Yes, with this release requires writing kernels, with C++ in a string, to be compiled by NVRTC. This release is to build the foundation, by provide wrappers for CUDA Driver and Runtime API. There will be more functionality and flexibility to come. Currently, partner products such as Numba and CuPy write their own CUDA layer. This release removes the need for them to do this and provide an industry standard.

If you’re interested in writing “Python” kernels, please take a look at Numba (Writing CUDA Kernels — Numba 0.50.1 documentation) and CuPy (User-Defined Kernels — CuPy 9.0.0 documentation) functionality.


will PyCuda be useless with this new unified system ?


I wouldn’t consider PyCUDA useless. PyCUDA will have the ability to utilize our new infrastructure.

Couple questions: If I have a program which is currently implemented in PyCUDA how difficult do you anticipate the switch, to CUDA Python, will be? Also will CUDA Python have support for GPU Arrays? (specifically for reductions and generating arrays of random numbers)

Super excited to have an in house NVIDIA vetted CUDA Python package, and even more excited to try it out!
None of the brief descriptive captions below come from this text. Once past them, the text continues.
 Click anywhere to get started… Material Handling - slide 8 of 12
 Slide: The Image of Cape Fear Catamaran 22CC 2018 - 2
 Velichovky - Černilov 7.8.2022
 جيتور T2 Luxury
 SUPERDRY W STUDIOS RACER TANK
Thanks

Hi morgjack,

I very glad your excited. I haven’t use PyCUDA in a minute, but IIRC the conversion should be straight forward. You would need to use the corresponding Driver/Runtime API.
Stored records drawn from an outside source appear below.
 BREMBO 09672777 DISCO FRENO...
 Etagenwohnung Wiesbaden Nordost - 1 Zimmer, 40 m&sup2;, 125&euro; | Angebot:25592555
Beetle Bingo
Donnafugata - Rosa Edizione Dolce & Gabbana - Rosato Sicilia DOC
As far as question 2, I’m not sure at the moment. I’m pretty sure that functionality currently exists in CuPy.

This is great news, I have a lot of legacy code for Python extensions that I wish to port to PyCUDA, but this can provide now an officially supported approach to integrate advanced kernels. Is there any ETA when this will be officially released or when a preview will be available?
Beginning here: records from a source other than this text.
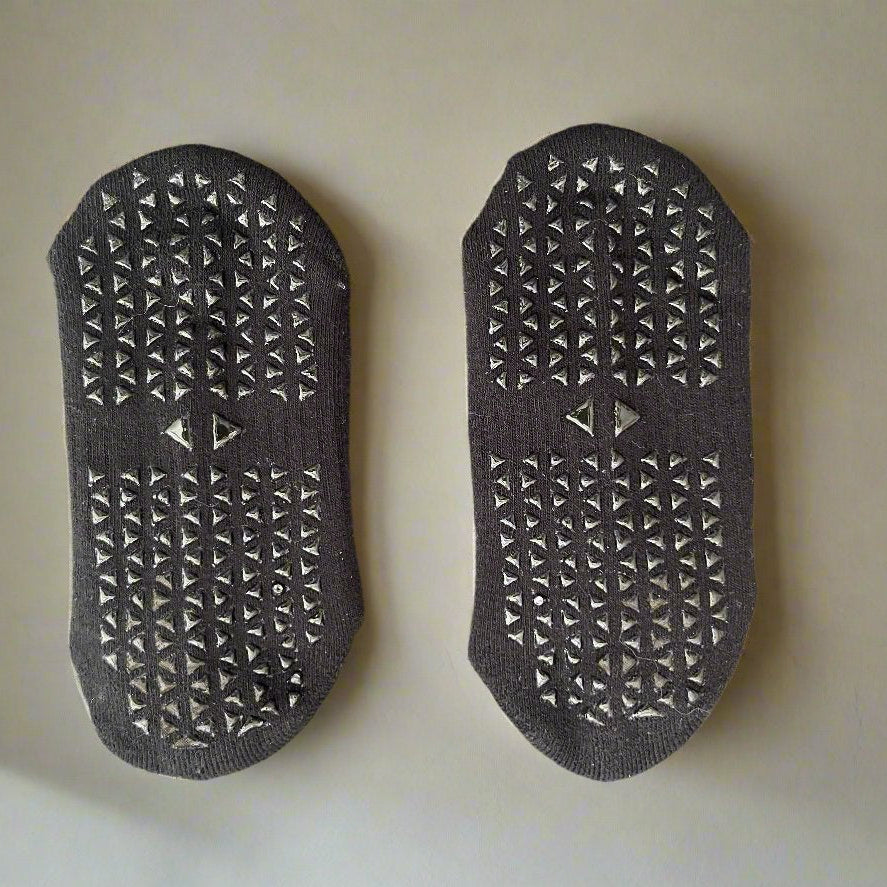 yoga sock grips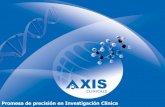 AXIS Clinicals-Presentación Español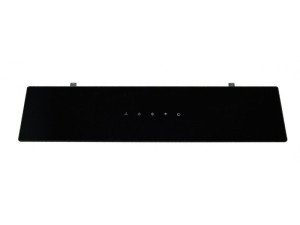 Szyba do okapu Amica 598 x 140 x 5 mm 1040661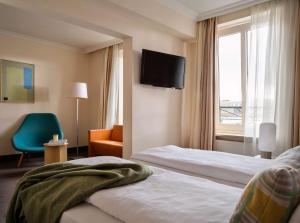 Signature Twin Room room in Flemings Hotel München-Schwabing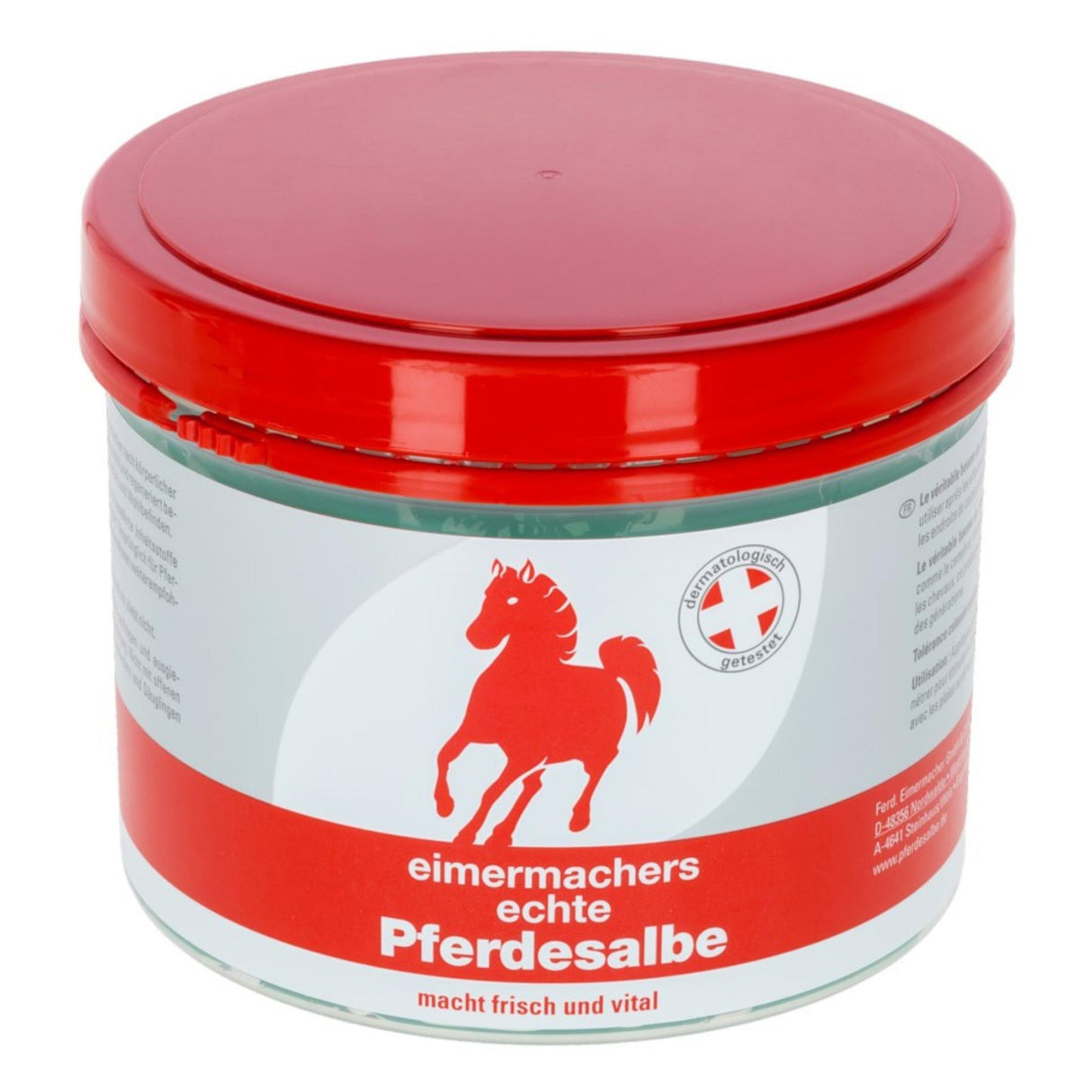 Linimentti Pferdesalbe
The best timeline I can give you at the moment is 2H’21.

I’m trying to use the new platform, but only importing some library, for example, I try to run the vectorAddDrv.py program and just include the library #include <cuComplex.h> in the cuda string and the compiler fails. :
/cuda-python-main/examples/0_Simple$ CUDA_HOME=/opt/cuda/11.4 python3 vectorAddDrv.py
Vector Addition (API Driver)
sourceCode.cu(10): catastrophic error: cannot open source file “cuComplex.h”

1 catastrophic error detected in the compilation of “sourceCode.cu”.
Compilation terminated.


Hi Emanuel,

When that program passes the string to NVRTC, it sets --include-path=$CUDA_HOME/include. If the resulting directory doesn’t have cuComplex.h then we expect an error.

Check that your /opt/cuda/11.4/include/cuComplex.h exist. Take a look at how this program uses the KernelHelper (link) to pass the --include-path.

Hi, vzhurba,

Thanks, I managed to solve it, the error was on my way CUDA_HOME, now it’s working perfectly. I tested a program of mine that I’m developing in my Master’s Thesis in pure Cuda-C and translated it to the new platform and realized that it still doesn’t achieve the same performance, but, the new platform proved to be much faster than PyCuda, which left me very much pleased. Congratulations.